Which should you choose?

Teams that want maximum breadth by pulling from many external data vendors at onceClay
Individual reps who want a chat-first workflow from list building through first draftUnify
Ops teams with unlimited-seat requirements and a large user base to supportClay
Small teams that want CRM-adjacent intent signals without building their own data pipelineUnify
GTM programs that need a mature ad-platform sync for retargeting enriched audiencesClay
Teams evaluating an AI-native prospecting stack for the first time, without a big budget commitmentUnify

Clay and Unify are the rare pair here that genuinely compete for the same budget, and the deciding factor is usually how your team already thinks about data.
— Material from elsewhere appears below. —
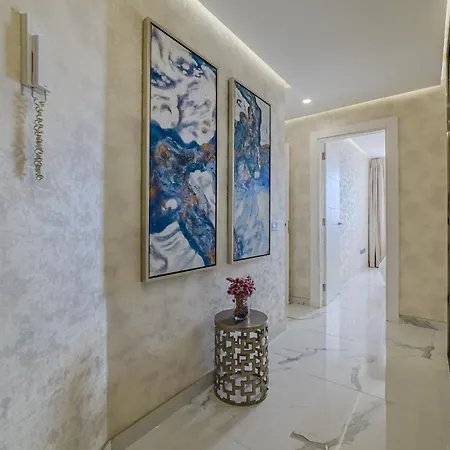 Apartment Poolside Escape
If you want the option to prioritize dozens of providers and are comfortable with a spreadsheet-adjacent interface, Clay's waterfall gives you more control over where each data point comes from. If you would rather trust one proprietary database and work entirely from a prompt, Unify's agents get you from idea to enriched list faster, at the cost of per-seat pricing that adds up with headcount.

Bottom line

Start with Unify's free tier if you want to test a chat-first prospecting workflow with zero financial commitment and a team of three or fewer. Choose Clay if your team already has more than a handful of seats, since unlimited seats at every tier changes the math quickly once you are past 5 or 6 users. Neither replaces a full sales engagement platform for enterprise-scale call analytics and forecasting, both are prospecting and enrichment layers first.
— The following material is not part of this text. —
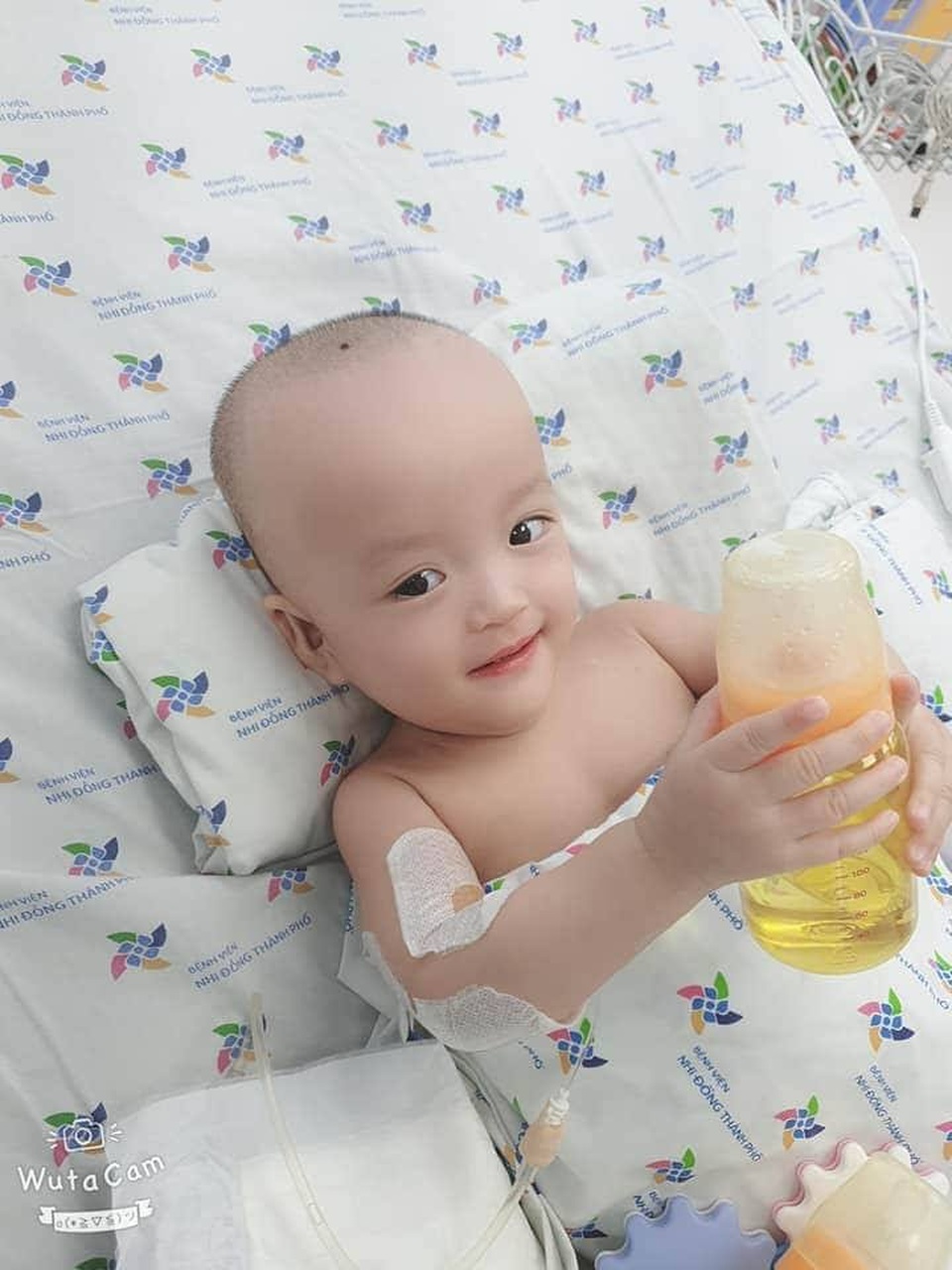 Nụ cười tràn sức sống của cặp Song Nhi sau tách dính - 2 Nụ cười tràn sức sống của cặp Song Nhi sau tách dính - 2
Frequently asked questions

Is Clay or Unify better for a solo rep just starting outbound?

Unify is the easier starting point for a solo rep because its free tier is genuinely usable for evaluation and the chat-first workflow requires less setup than Clay's table-based approach, though Clay's Sculptor has narrowed that gap by letting you describe workflows in plain language too.

Does Unify pull from as many data sources as Clay's 150+ provider waterfall?

No, not in the same way. Unify relies on its own proprietary database of 1.1 billion people and 65 million companies with 40+ signal sources rather than federating across external providers, which means the comparison is really depth-of-one-source versus breadth-across-many rather than a simple bigger-versus-smaller database question.

Which tool has better CRM integration, Clay or Unify?

Clay offers Salesforce integration starting at its $446/month Growth tier, while Unify's CRM sync with HubSpot and Salesforce is read-only until you reach its custom-priced Business tier, so neither gives full bi-directional sync at an accessible entry price, though Clay's Growth tier is a fixed number while Unify's Business tier requires a sales conversation.

Can Unify replace Clay entirely for a GTM ops team managing several data vendor relationships?

Not fully. Unify is strong for prompt-driven prospecting from its own database, but it does not offer the multi-provider waterfall model that lets a GTM ops team consolidate contracts with ZoomInfo, Apollo, and niche vendors under one system the way Clay does.

Is Unify's per-seat pricing more expensive than Clay for a team of ten?

It can be, since Unify's Pro tier runs $60 per seat monthly, which is $600/month for ten reps, compared to Clay's Growth plan at a flat $446/month with unlimited seats included, meaning larger teams often find Clay's pricing more predictable as headcount grows.

Does either Clay or Unify include a phone dialer for outbound calling?

Unify includes a beta dialer on its Business tier as part of multi-channel sequencing; Clay has no dialer or calling feature at all, its output feeds into email sequences and ad audience syncs rather than phone-based outreach.